How the job market is changing for African Americans

For African Americans, job prospects have improved since 2020. That’s the good news.

The bad news is that the gains made in the past two years, since the killing of George Floyd on May 25, 2020, sparked a national reckoning over race, look as fragile as ever. In fact, inflation threatens to disrupt progress in the labor market as politicians respond to a backlash against rising prices.

While the uprisings that brought thousands onto the streets in 2020 helped highlight the disadvantages of Black workers, most experts say government aid and the tight US labor market during the pandemic fueled the gains. groups for themselves and other groups.

A key measure tracked by economists shows that employment of black Americans of “optimum working age” (ages 25 to 54) rose to 77.4% in April, the highest in 22 years. While that’s still well below the equivalent measure for white Americans, the increase has narrowed the gap between the two figures to the narrowest on record, in data going back to 1994.

It’s a sign that the busiest job market in generations is making it “costlier for companies to discriminate against African-American job applicants,” according to Algernon Austin, director of racial and economic justice at the Center for Economic Research and Policy in Washington. . DC

The black unemployment rate has also returned to pre-pandemic levels. After the 2008-09 recession, it took nine years for black unemployment to return to pre-recession levels. This time, it only took two.

The figure stood at 5.9% in April, down from the 6% recorded for the group in February 2020 before COVID-19 shut down businesses in the US.

However, the economic divide between black workers and white workers persists. And, for many, the hope inspired by Black Lives Matter has been dashed by other racist killings, including this month’s mass shooting in Buffalo, New York.

The unemployment rate for black women, among the hardest-hit workers in the early months of the pandemic, has plummeted from 16.6% in May 2020 to 5%. But it’s still well above the 2.8% rate seen for white women.

“Overall, we’re seeing that, frankly, many black workers are able to take advantage of the tight labor market and strong employer demand to get jobs that would have taken them much longer in past recessions,” says Joelle Gamble, chief economist at the United States Department of Labor.

Part of the difference this time is related to the response of the US government and the Federal Reserve.

Instead of choosing a long and drawn out recovery with all its disproportionate consequences for Black Americans, as they did in the 2008-09 recession, lawmakers stepped in during COVID outbreaks with massive financial support for American households, transferring trillions to them. of dollars. through greatly expanded stimulus checks and unemployment insurance programs.
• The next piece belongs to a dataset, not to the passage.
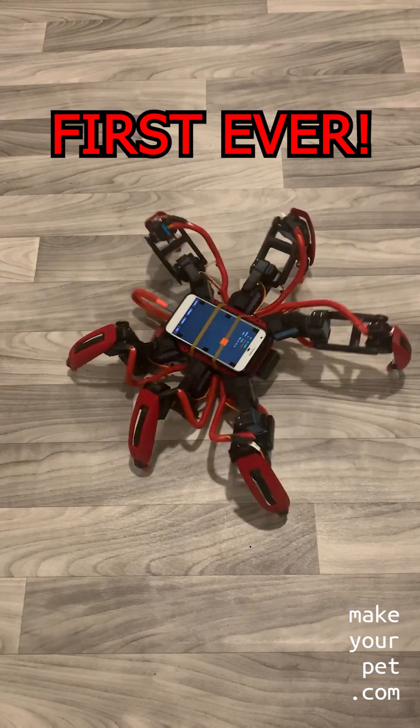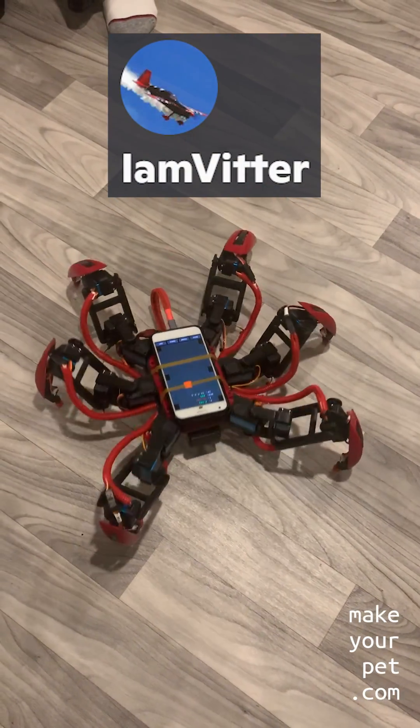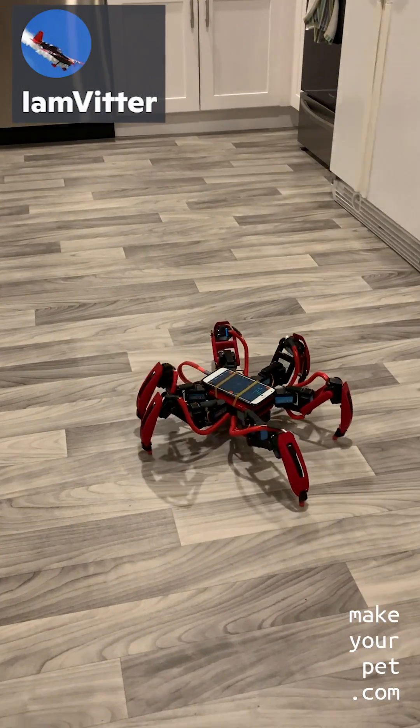This is the first ever replica of my hexapod out in the wild, built by Witter from my Discord server. As you can see, he has done a great job and the robot is functioning perfectly as far as I can tell from this video.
That underwrote continued consumer spending in the economy, which in turn provided a basis for rehiring the recently laid off.

“In this recovery, we are less likely to see scars from workers unemployed for long periods of time,” says Gamble.
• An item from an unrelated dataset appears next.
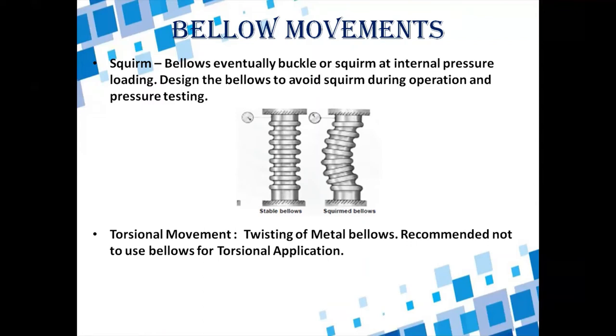The torsional movement is the twisting of metal bellows. When bellows are welded to pipe using GTAW welding, the bellow thickness of 0.2 to 1 mm is very thin. The weld strength for torsional movement is therefore less, and it is not recommended to use bellows for torsional movement.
Black employment may also have gotten a boost this time around because of the unusual impact the pandemic had on industry-level hiring, according to Evgeniya Duzhak, an economist at the San Francisco Federal Reserve.

Duzhak found, in an analysis posted on the bank’s website on May 16, that black unemployment did not rise relatively during the pandemic as much as expected. That’s “in part because more than 25% of black men are employed in production, transportation, and material-moving occupations, and those occupations fared better than the service sector.”

But now, progress risks unraveling in an all-out effort to rein in inflation.

Policymakers in the White House and at the Federal Reserve are shifting their priorities from rebuilding the workforce to curbing price pressures through austerity measures, which threaten to slow or even reverse recent job gains. .

Republicans and two Democrats shunned President Joe Biden’s Build Back Better agenda, a far-reaching package that included several job creation initiatives and would have added more to government spending, citing the need to stifle inflation.

Perhaps even more important is the central bank’s response. Fed Chairman Jerome Powell and his colleagues have embarked on a rapid tightening cycle and warn that fighting inflation through higher interest rates is likely to drive up the unemployment rate and may even ultimately instance, induce another recession.

For observers like William Spriggs, an economics professor at Howard University and chief economist at the American Federation of Labor and the Congress of Industrial Organizations, that represents an existential risk to the entire effort to build a more inclusive economy, the need for which has long been recognized. dramatically underlined. by the events of the last two years.

“We’re still going to be the last ones hired, so if the unemployment rate goes up, it just undoes all the gains,” Spriggs said. “What’s the point of the tight job market? It is the necessary condition for the advancement of blacks.”